Authorizing GCP
To authorize the API for Google Cloud Platform, you will need to create a service account and give it the proper admin role as well as enabling the proper APIs in Google for access.
Steps
-
Login to GCP and navigate to GCP admin console > More Products > IAM & Admin > Service Accounts to get to page where you can view or create your service accounts.
-
On the Service Accounts page, click Create Service Account to create a new account can be used for the API authorization. You will be
taken to the Create service account page where you can enter a name for the account (it will generate an account ID based on this name) and provide a
description. Click Create and Continue at the bottom to move to the next step where you can assign a role.
-
Assign a role to that created account. You will need to add the Storage Admin role by clicking the Role drop-down and in the left
column scrolling down to Storage and then finding and selecting Storage Admin in the right column. Click
Continue when you are ready to move to the next step.
-
Assign additional user access and admin access to the service account and then click Done.
-
Now click into the service account that you just created and click on the Keys tab to create a key that you will upload to Forcepoint ONE SSE to use that account for API scanning.

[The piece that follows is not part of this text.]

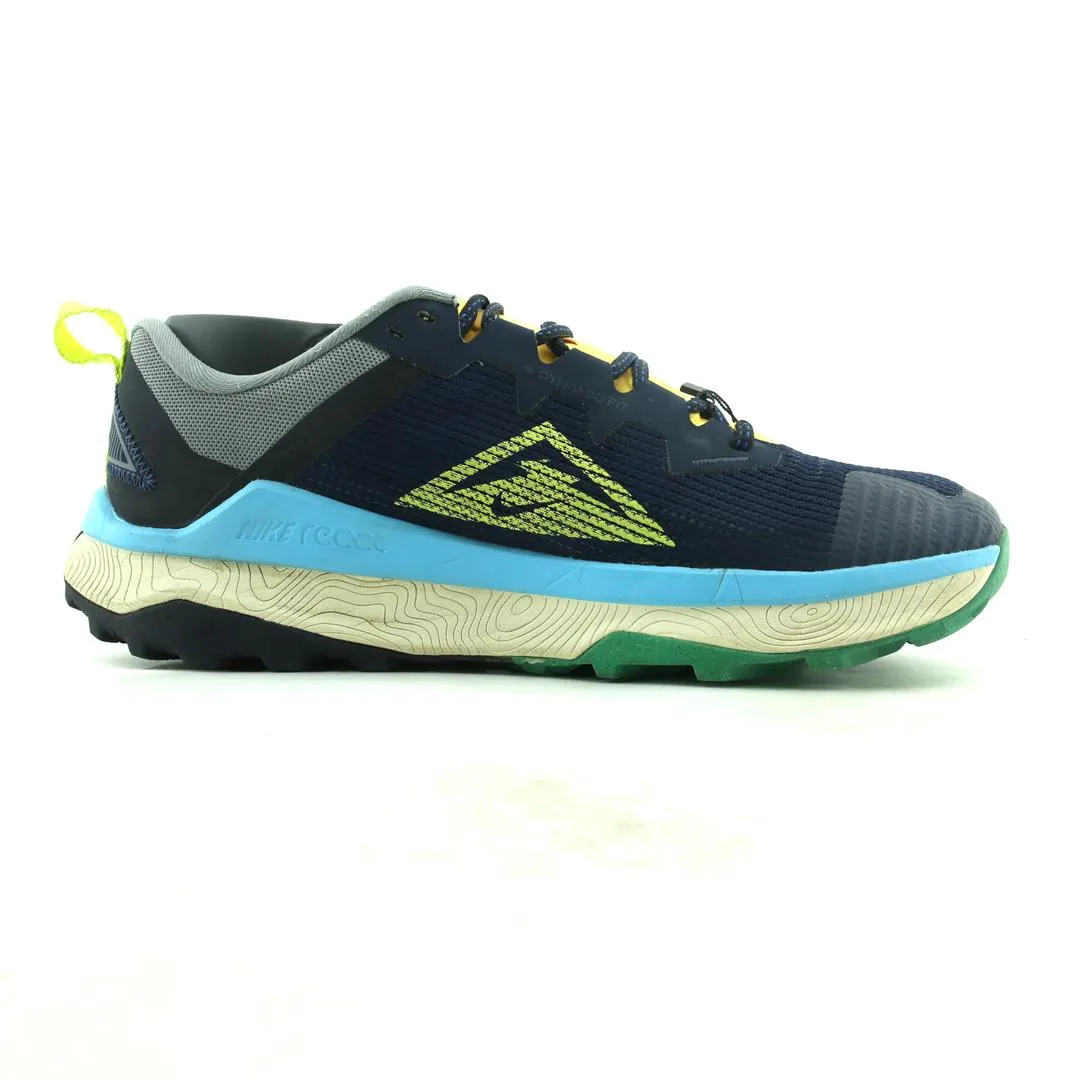 NIKE  WILDHORSE 8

Click Add Key > Create New Key and then select JSON and then click Create to download the .json file to your computer as you will need the file for
uploading to Forcepoint ONE SSE.
- Now that the service account and key have been generated, you will need to enable the following APIs: Cloud Resource Manager API and Google Cloud Storage JSON API.
-
Navigate to GCP admin console > More Products > API & Services > Enable APIs & services to open APIs & Services page. On the APIs & Servicespage, click on Enable APIs and Services to open API Library
page.
-
On the API Library page, search for the following APIs and enable each one by clicking on it and then by clicking Enable on the API
details page.
- Cloud Resource Manager API.
- Google Cloud Storage JSON API.
- Once you have enabled both APIs, you can now move on to the next setup inside of the Forcepoint ONE SSE portal.